SingMOS-Pro: A New Benchmark Dataset for Assessing Singing Voice Quality

TLDR: SingMOS-Pro is a new, comprehensive dataset designed for automatic singing quality assessment. It expands on previous work by offering detailed annotations for lyrics, melody, and overall singing quality across 7,981 clips generated by various models. The dataset aims to address the challenges of evaluating singing quality, which traditionally relies on costly human subjective assessments or limited objective metrics. It provides a robust benchmark for developing and testing new models, highlighting the need for specialized approaches beyond speech quality assessment and suggesting future directions for integrating melodic and lyrical information.

Evaluating the quality of generated singing voices has long been a complex challenge in the rapidly advancing field of singing voice generation. While human listening tests are considered the ‘gold standard,’ they are often expensive and time-consuming.

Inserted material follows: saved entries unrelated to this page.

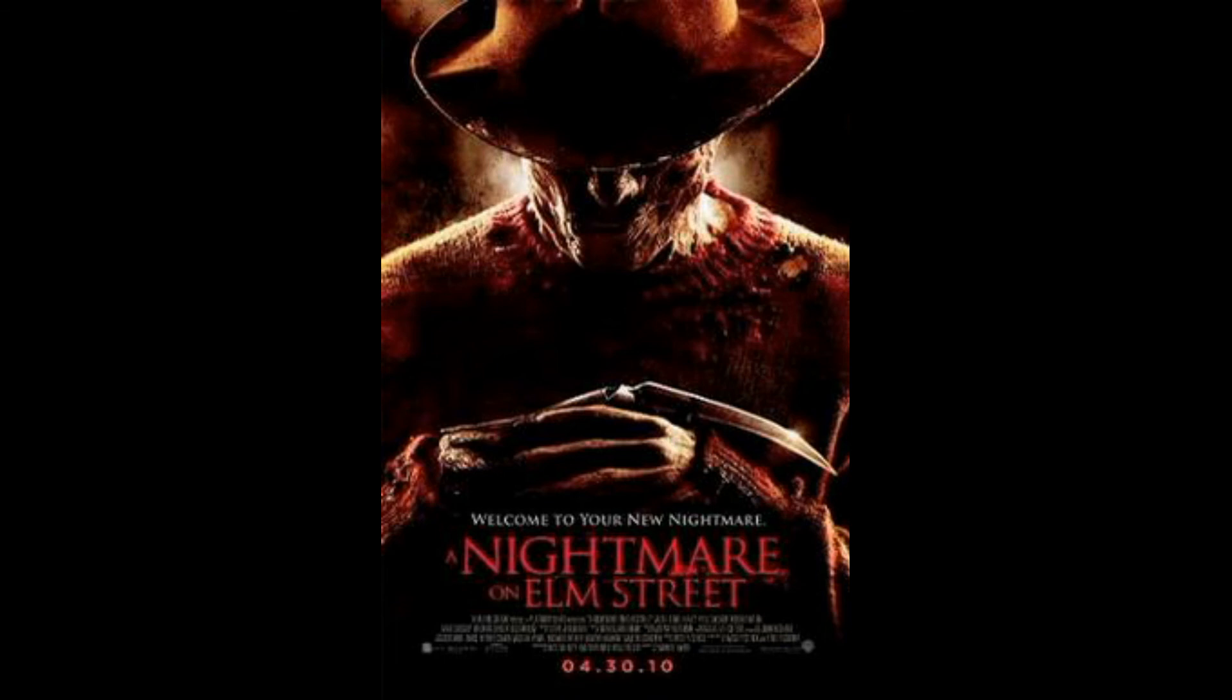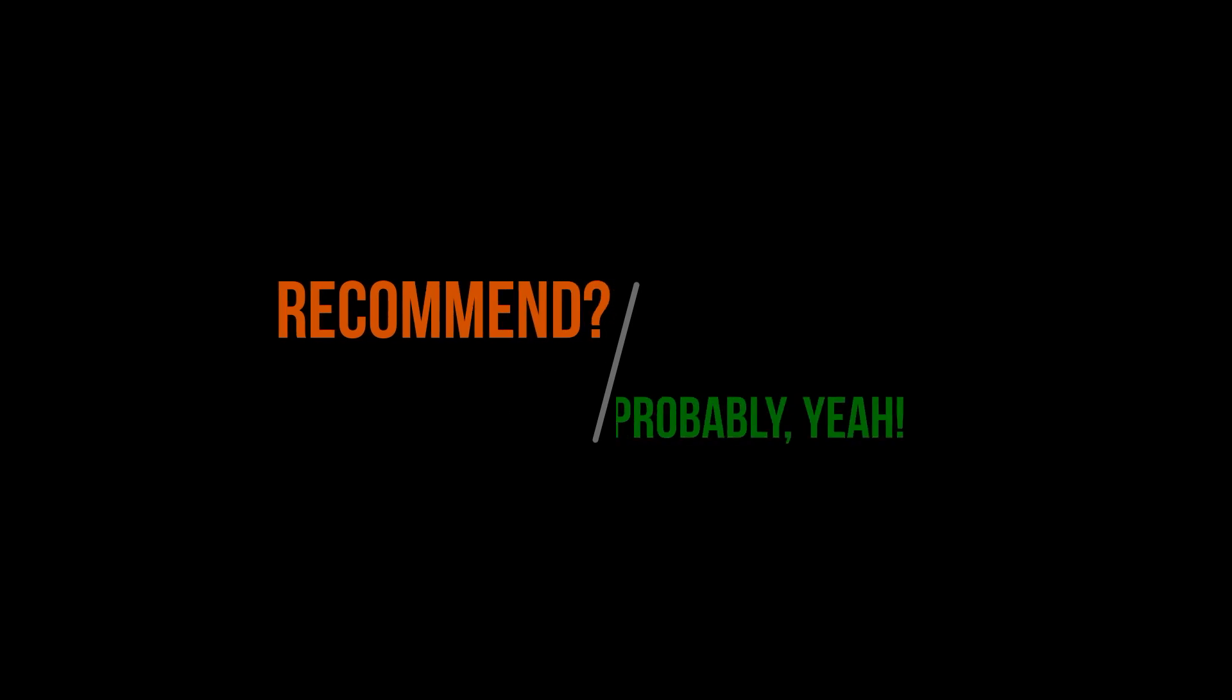So if you're not all fanboyed out for Robert Englund and 80s slashers, I think you should give this a try. Like, try to be open-minded and you'll most likely find at least one thing that you like.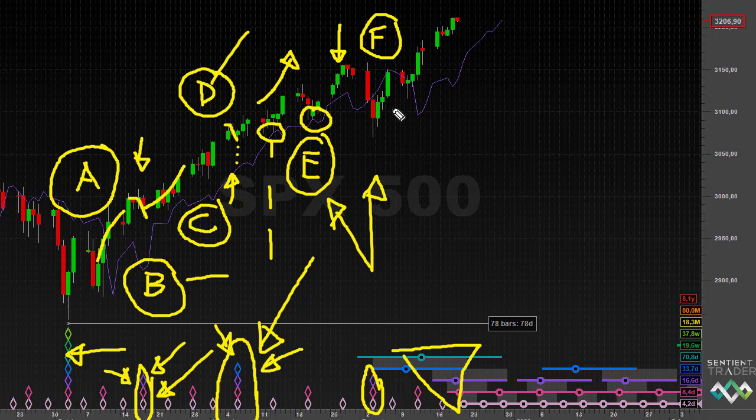I was also asked whether the fact that none of the interactions from B all the way to E actually touched the FLD was an extremely unusual situation. It's unusual, but not extremely unusual. You must remember that when the longer cycles are very bullish or very bearish, these interactions caused by the shorter cycles are going to be muted because of the force the longer cycles are pushing with.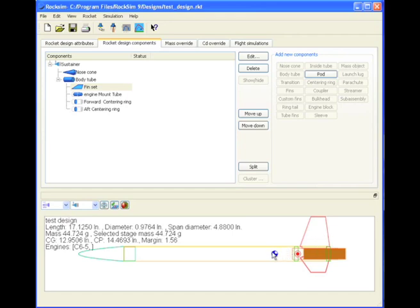So let's stop here and in the next video we'll add the parachute and some of the other internal parts and get ready for a simulation.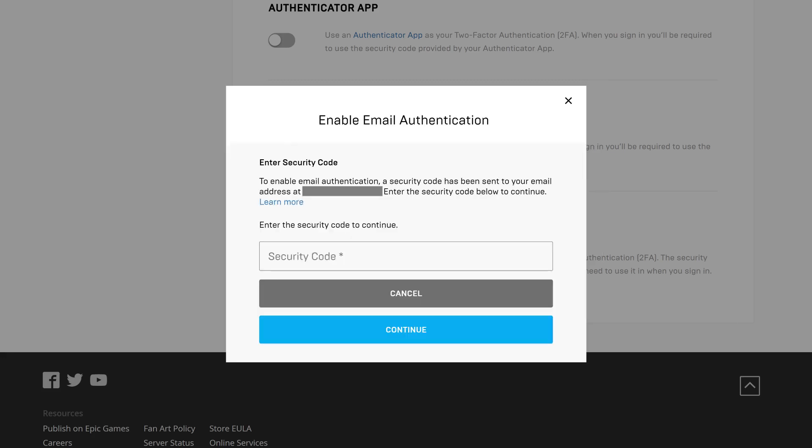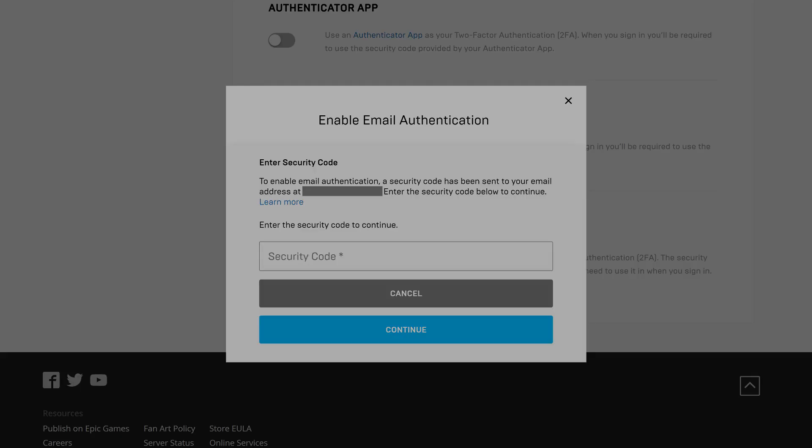And finally, if you choose to use email authentication, a code will be sent to your email address that you'll need to enter to verify. Going forward, this is the email address a security code will be sent to that you'll need to enter to access your Epic Games account.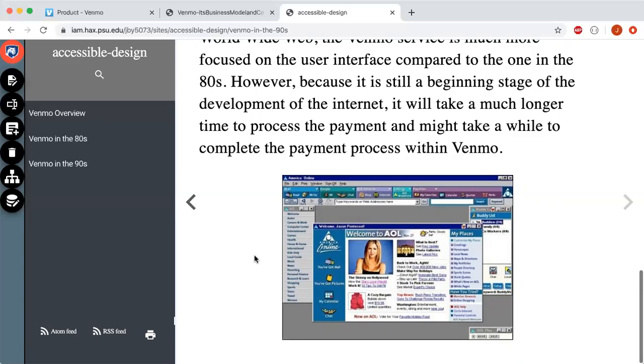So this was a basic walkthrough of accessible design and how Venmo would have looked in the 80s and 90s. Thank you for watching, and remember to like the video and subscribe to JY Smart Tech. Thank you.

Existing objective metrics, on the other hand, frequently fail to capture the nuanced aspects of perceived singing quality. This gap has highlighted a critical need for more efficient, reliable, and universal methods for assessing singing quality.

Addressing this challenge, a new research paper introduces SingMOS-Pro, a groundbreaking dataset designed to facilitate automatic singing quality assessment. Building upon its predecessor, SingMOS, which offered only overall quality ratings, SingMOS-Pro significantly expands its scope. The dataset now includes detailed annotations for lyrics, melody, and overall quality, providing a much broader and more diverse evaluation framework.

SingMOS-Pro is a substantial resource, comprising 7,981 singing clips. These clips were generated by 41 different models across 12 datasets, showcasing a wide spectrum of singing voice generation technologies, from earlier systems to the latest advancements. To ensure the highest level of reliability and consistency, each clip in the dataset has received at least five ratings from professional annotators.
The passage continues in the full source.